Mayor takes key role in growth
Developers looking forward to new ideas at City Hall
Some local developers say they look forward to working with Mayor Diane Therrien on projects to grow the city.
Therrien has appointed herself the city’s planning chair, and also took a seat on the planning advisory committee and the working group that is helping to rewrite the Official Plan.
Developer Paul Bennett said that was a “smart” thing for her to have done.
There will be growth in the city over the next four years, Bennett said, and there’s also a homelessness crisis.
Getting people housed is one of the mayor’s tasks to oversee, Bennett said, and he sees it as important for the mayor to take charge in this regard.
“She (Therrien) is smart to do that,” Bennett said. “She’s got to be accountable for those decisions.”
During the campaign, Therrien spoke of how she’s interested in “good development,” meaning apartments and affordable housing in addition to singlefamily houses.
Last week she said it again at the Peterborough Chamber of Commerce Business Summit.
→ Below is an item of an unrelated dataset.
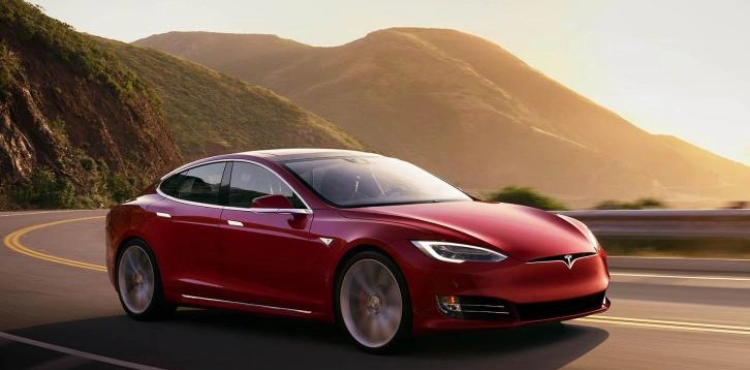 Tesla reduces the price of its &quot;S&quot; car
"I believe in building up – not out," she said, meaning she’d like to see apartments on the upper floors of plazas, for example, rather than urban sprawl.
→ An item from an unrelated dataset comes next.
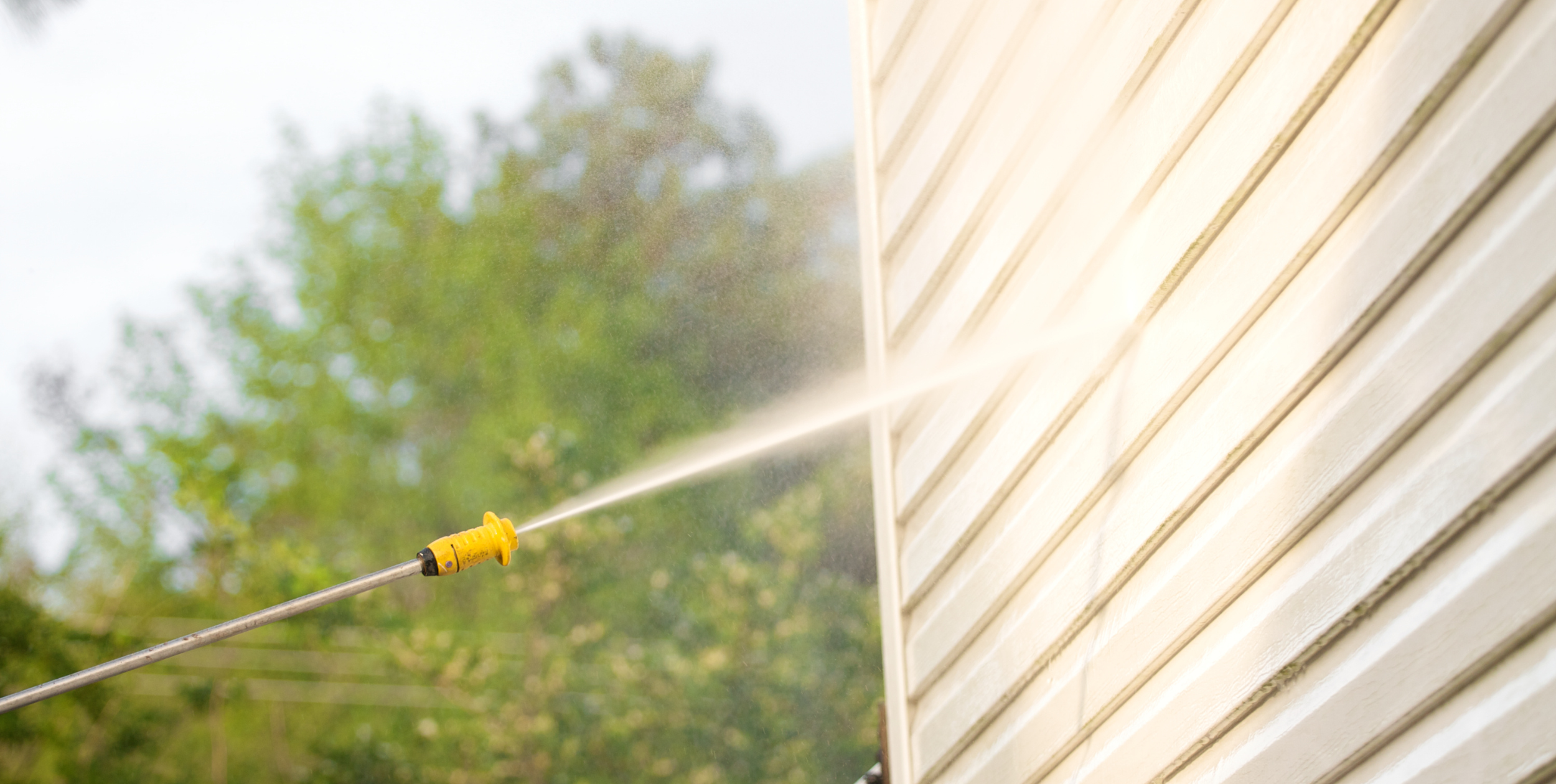 Safety Tips for Pressure Washing Your Home By HomeKeepr header image.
Prior to the election this fall, Therrien said at a debate organized by Peterborough and Kawarthas Association of Realtors (PKAR) and the Home Builders Association at the Lions Centre that single-family houses built out in "the middle of nowhere" are out of style.
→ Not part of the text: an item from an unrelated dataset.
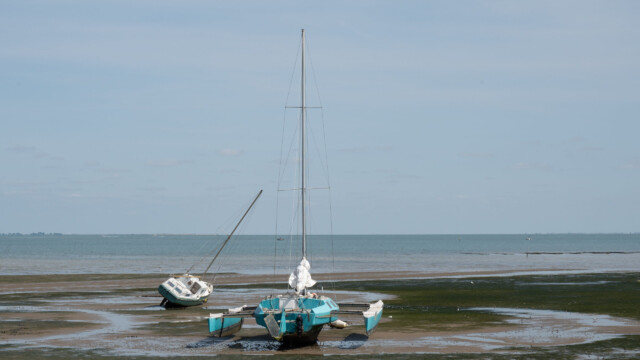 Trimaran auf dem Trockenen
"You can't just build out for decades," she said.
Paul Dietrich, the president of Parkview Homes, says he’s on board with the idea of building
more apartments.
The city is “underperforming” when it comes to keeping up with the demand for all types of housing, Dietrich wrote in an email to The Examiner.
He’s planning a couple of apartment complexes – one to replace the Pig’s Ear downtown, for example, and another on vacant land he owns on Lansdowne Street W. just west of Spillsbury Drive – and he says he agrees the city needs houses but also “mid-rise” apartment buildings.
“The local development and home-building industry is in full support of any initiatives to provide more housing forms for the city of Peterborough,” he wrote.
There could also be a chance for Peterborough to become a hub for eco-friendly buildings.
Chris Magwood is a sustainable builder and the executive director of The Endeavour Centre, a not-for-profit sustainable building school based in Peterborough.
He wrote that the city made a smart move when it legalized basement apartments; the new bylaw also allows homeowners to create other secondary suites in upper levels or even accessory buildings on residential properties.
Magwood also says a lot can be accomplished if there are municipal policies to foster the construction of eco-friendly buildings.
“I will be encouraging Mayor Therrien to have Peterborough adopt some regulations around low-carbon development,” Magwood wrote.
“I’ve been working with policymakers in other jurisdictions on this type of climate-change reduction strategy, and would love to see Peterborough take a leading role in this.”